- **Task description**
Copy all the lines of the listing below exactly. Skip the images.

- **Source data**
^^^^^^^^^^^^^^^^
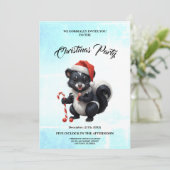 かわいいクリスマスのスカンクのキャラクター 招待状 (スタンド正面)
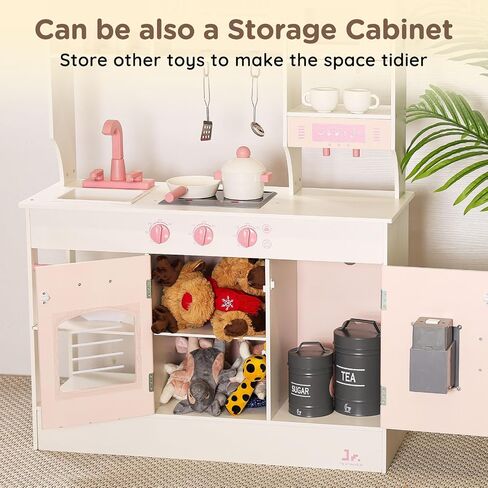SainSmart Jr. Wooden Play Kitchen for Kids - Realistic Cooking Playset - Safe and Durable Materials - Encourages Healthy Eating and Family Bonding - Gift for Ages 3+ in Saudi Arabia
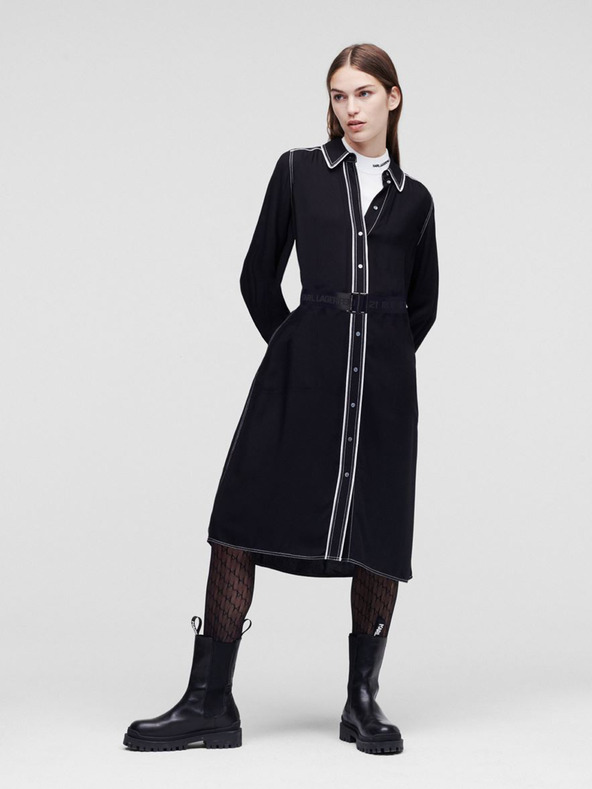 Karl Lagerfeld Rochie cămașă neagră KARL LAGERFELD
^^^^^^^^^^^^^^^^
- **Task solution**
 かわいいクリスマスのスカンクのキャラクター 招待状 (スタンド正面)
SainSmart Jr. Wooden Play Kitchen for Kids - Realistic Cooking Playset - Safe and Durable Materials - Encourages Healthy Eating and Family Bonding - Gift for Ages 3+ in Saudi Arabia
 Karl Lagerfeld Rochie cămașă neagră KARL LAGERFELD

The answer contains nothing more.